Copy nothing but the line with "Qunkun Tag der" and the lines that follow it to the end of the entries below, and keep the pictures out.

+++

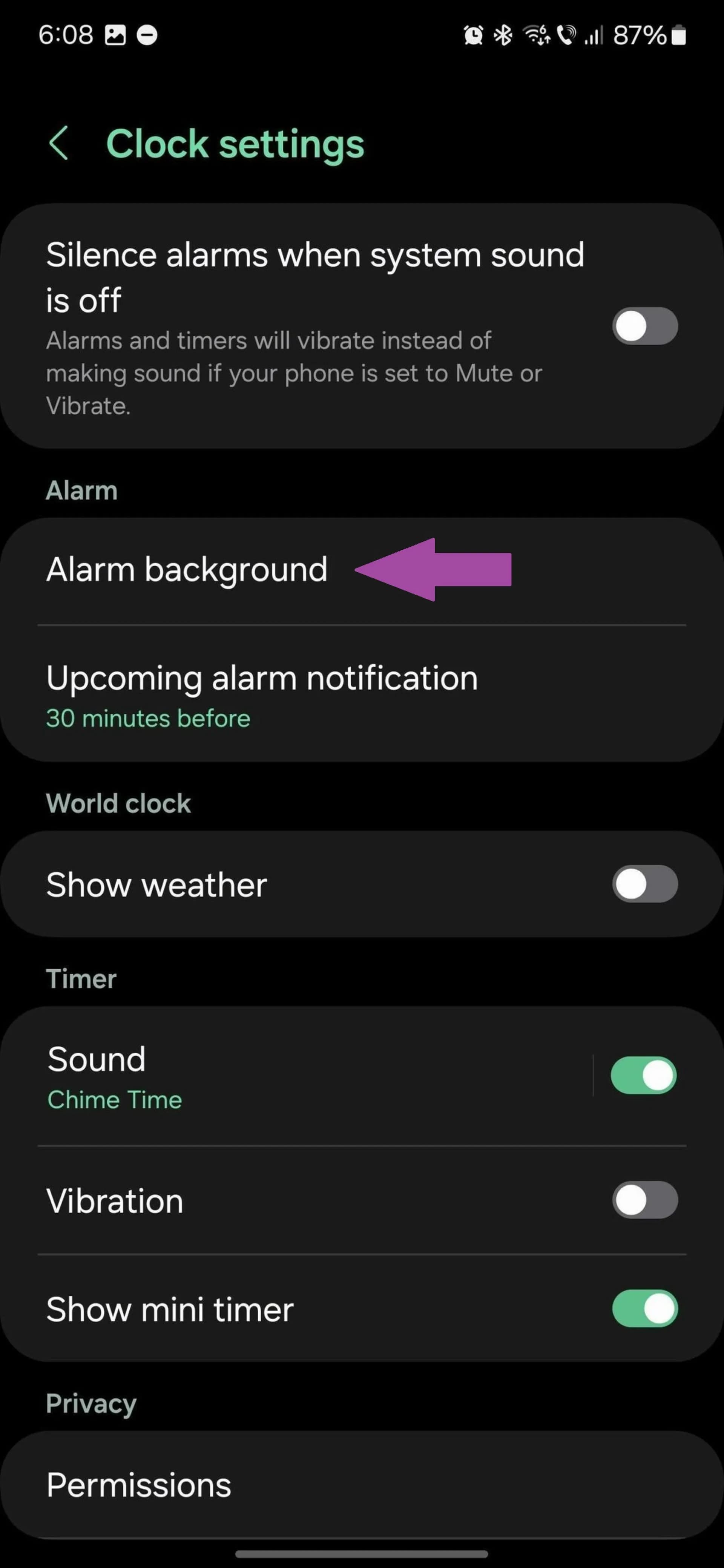 تنظیم One UI 6.1 برای صفحهزمینه هشدار آلارم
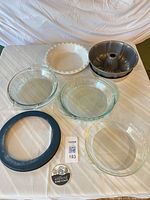 All seven bakeware pieces laid out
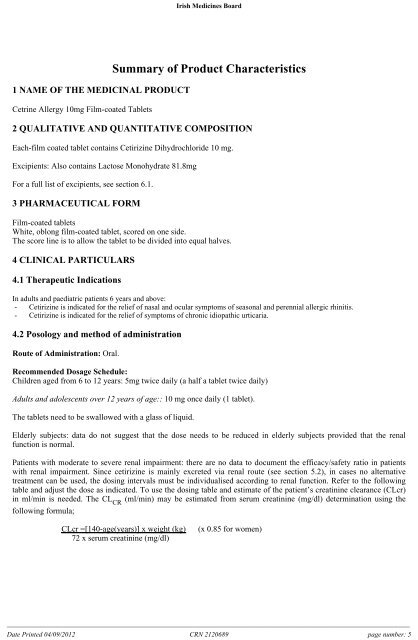 Summary of Product Characteristics - Rowex Ltd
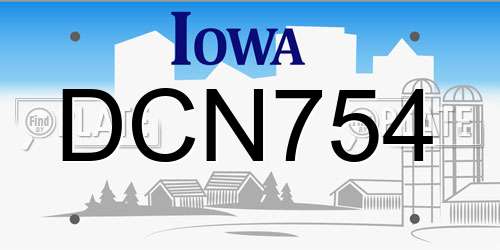 DCN754 Iowa License Plate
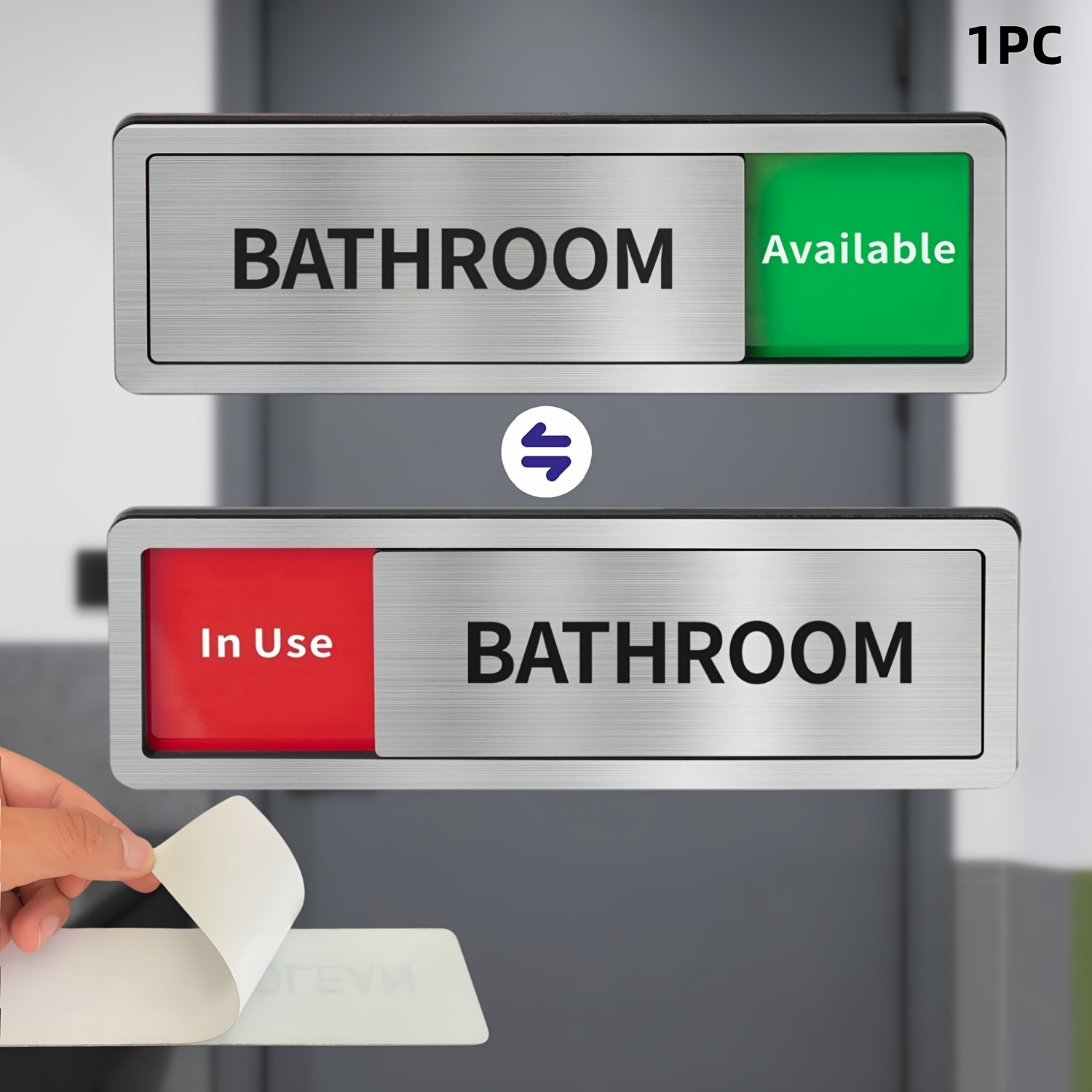 TEMU 1pc Bathroom Door Sign, Occupied Privacy Restroom Do Not Disturb Sign In Use Available Restroom Sign, Self-adhesive Privacy Indicator For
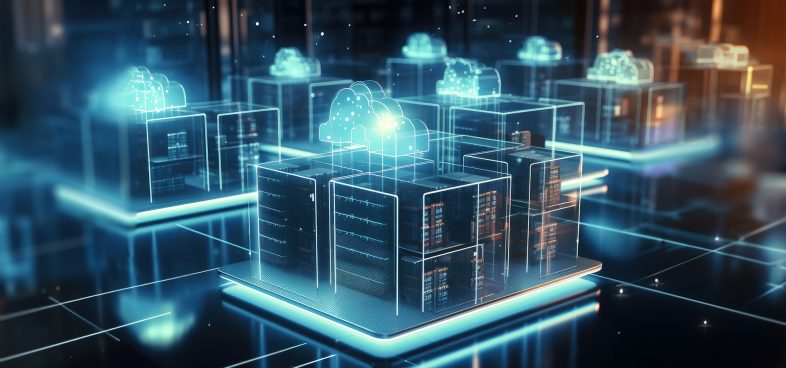 Pictorial representation of detecting DNS hijacking. Digital illustration of a futuristic data center with glowing blue server racks connected by light beams, surrounded by cloud computing icons, set against a dark background.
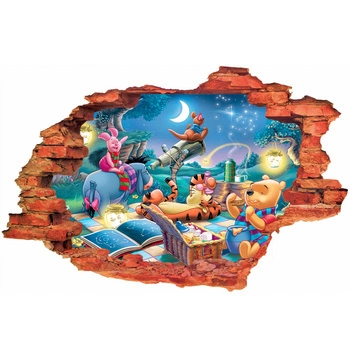 Naklejki na ścianę 3D KUBUŚ PUCHATEK wszyscy śpią w nocy 60 cm na 90 cm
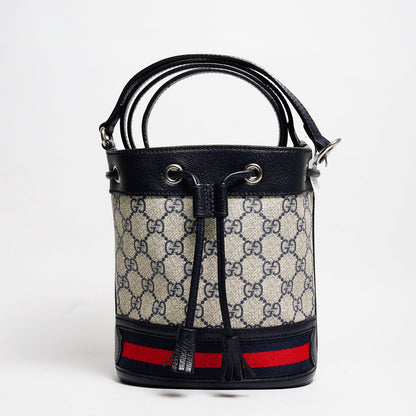GUCCIi Supreme Ophidia 水桶斜背包(黑藍色)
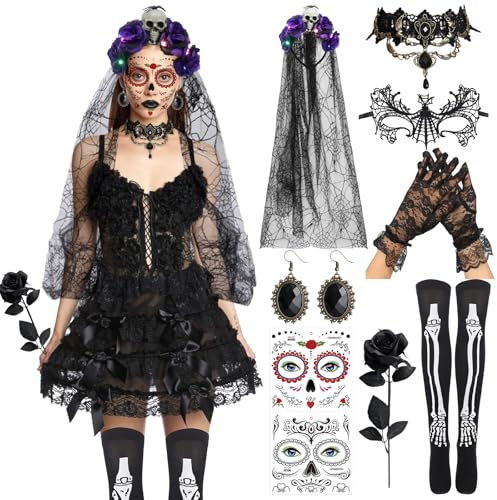 Qunkun Tag der Toten Haarreif mit LED, Dia de Los Muertos Haarreif Schleier, Halloween Kostüm Damen, Damen Kostüm Accessoires, Kostüm Horror für Halloween Fasching Karneval Party Cosplay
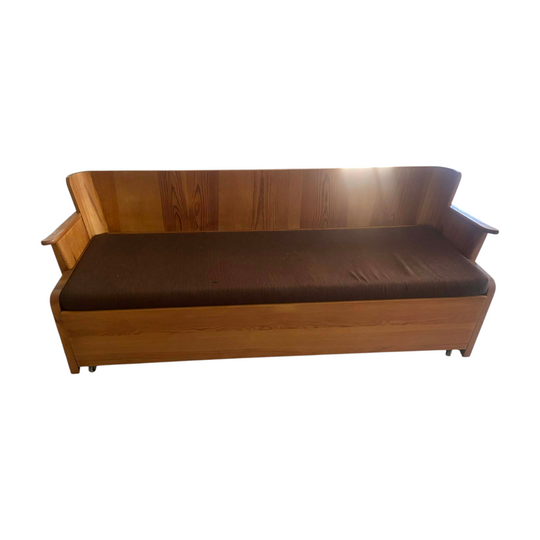 GORAN MALMVALL -  MIDCENTURY NORDIC PINE SWEDISH SOFA WITH TRUNDLE BED (1950s)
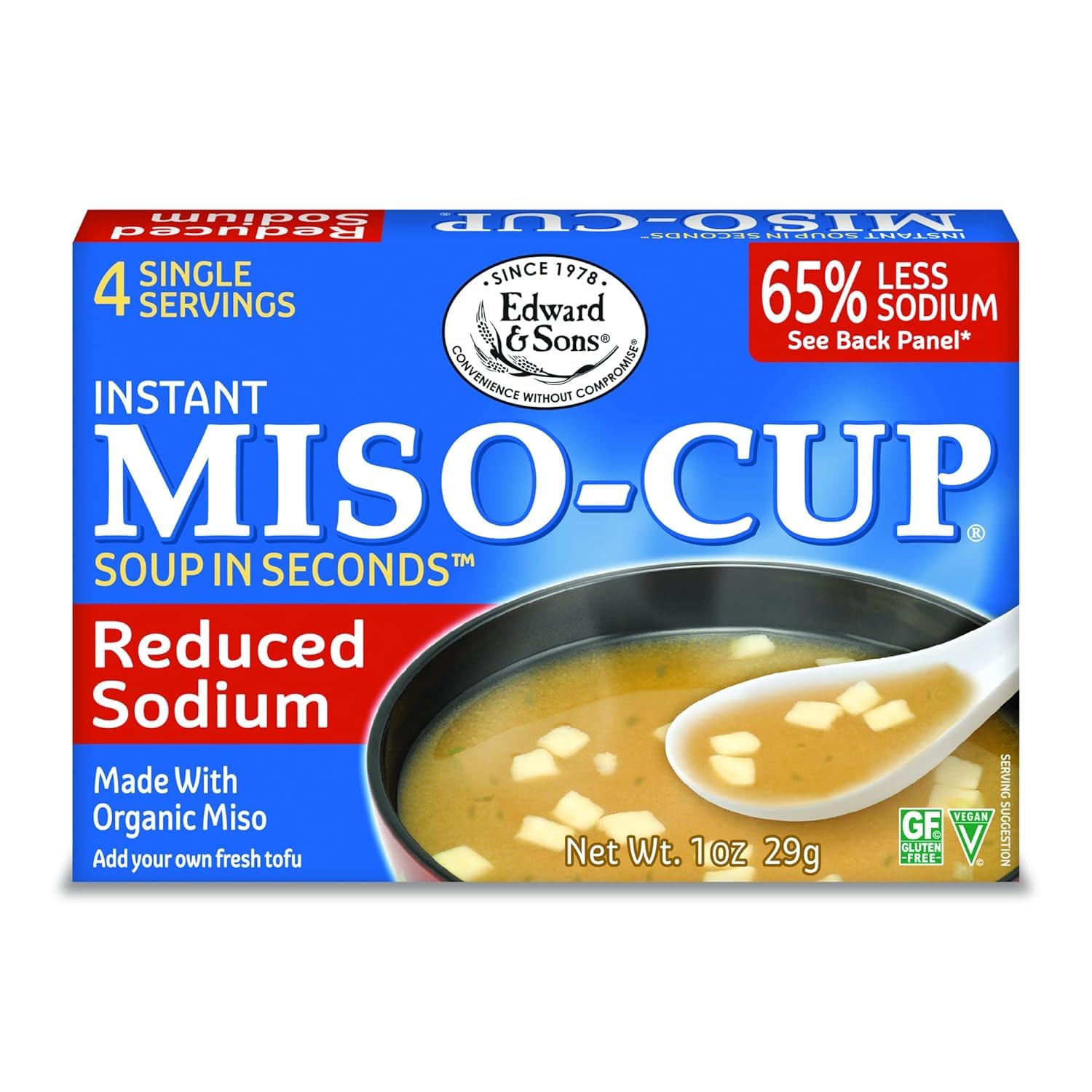 Edward Sons Reduced Sodium Miso Cup Organic 1 Oz. (Pack of 12) - Pack Of 12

+++

### Result
 Qunkun Tag der Toten Haarreif mit LED, Dia de Los Muertos Haarreif Schleier, Halloween Kostüm Damen, Damen Kostüm Accessoires, Kostüm Horror für Halloween Fasching Karneval Party Cosplay
 GORAN MALMVALL -  MIDCENTURY NORDIC PINE SWEDISH SOFA WITH TRUNDLE BED (1950s)
 Edward Sons Reduced Sodium Miso Cup Organic 1 Oz. (Pack of 12) - Pack Of 12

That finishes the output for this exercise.